Com esse detalhe já podemos supor que Mia é religiosa, e pelo teor de seu comentário sobre Deus aparecer para algumas pessoas, que possa estar questionando sua fé, ou em busca de algum chamado. Enquanto a nossa protagonista ouve os relatos, algo tira a sua atenção e ela precisa repetir seu ensaio. Porém ao recomeçar, ela nota coisas diferentes na imagem, são detalhes mas algo sempre está diferente.

Essa intenção permeia o curta, pois, uma vez estabelecida, a cada nova tentativa de ensaio de sua apresentação já sabemos que algo novo nos espera. E essas mudanças vão escalonando se tornando menos e menos sutis, até ficarem literais. Mia, pode realmente estar vendo coisas, alguma presença pode realmente estar ali com ela, ou ela está sendo influenciada pelos relatos que ouve. Afinal a subjetividade pode ser manipulada, uma vez que você sabe de um ponto de vista, de algo que não está tão claro, você se força a aplicar a visão de outra pessoa ao consumir uma obra.
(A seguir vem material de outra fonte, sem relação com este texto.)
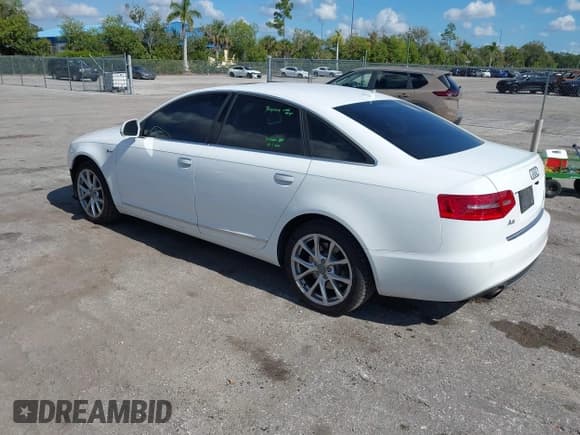 ✅ 2011 Audi A6 Premium Plus • VIN: WAUFGAFB9BN055117 • Lot: 43769842. Listed on IAAI with 155,548 mi. Free auction sales archive from the USA and detailed vehicle history report at DreamBid. Image 3.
Essa ideia está presente quase como uma metalinguagem, pois nem sempre filmes têm o roteiro expositivo, e aqueles que não tem, você pode até não entender mas em algum momento fingiu entender. A busca pela resposta de qual é a imagem de Deus é tão subjetiva quanto os conceitos de alguns filmes como “A Bruxa”, “Hereditario”, “O Babadook” e “Corra!”. Esses são todos exemplos atuais mas em toda arte do cinema temos longas sem um sentido literal específico. E muitas vezes buscar por esse sentido pode atrapalhar de aproveitar a viagem.

Tecnicamente falando, o curta é excelente. Ele se passa todo em uma sala de projeção, onde é bem escura, mas temos a luz da tela de projeção onde nos permite ver, mesmo com pouca clareza. Além disso, o diretor, brinca com a nossa de perspectiva ao implantar pequenas pistas e elementos de presença que possa estar observando Mia. Assim como a Mia nunca tem certeza se existe algo na pintura, nunca temos certeza se a algo atrás dela.

A direção de Dylan Clark, parece ser consciente de seu público. Pensando no YouTube a rodagem do longa parece ser feito para ser assistida em um celular, desde a iluminação a pequenas coisas no cenário. Também no ápice do filme, nos momentos finais, temos o encontro de Mia com a incerteza de algo sobrenatural, que parece ser uma cena pensada para a baixa iluminação de um celular.

Curta-metragens costumam ser bem objetivos, até por conta de sua duração, mas além disso o que me atrai neles é saber administrar o tempo de duração com a história que quer contar. Apesar de ter um pouco mais de 7 minutos “Portrait of God” parece não ter pressa de nada e faz da repetição, sua maior qualidade.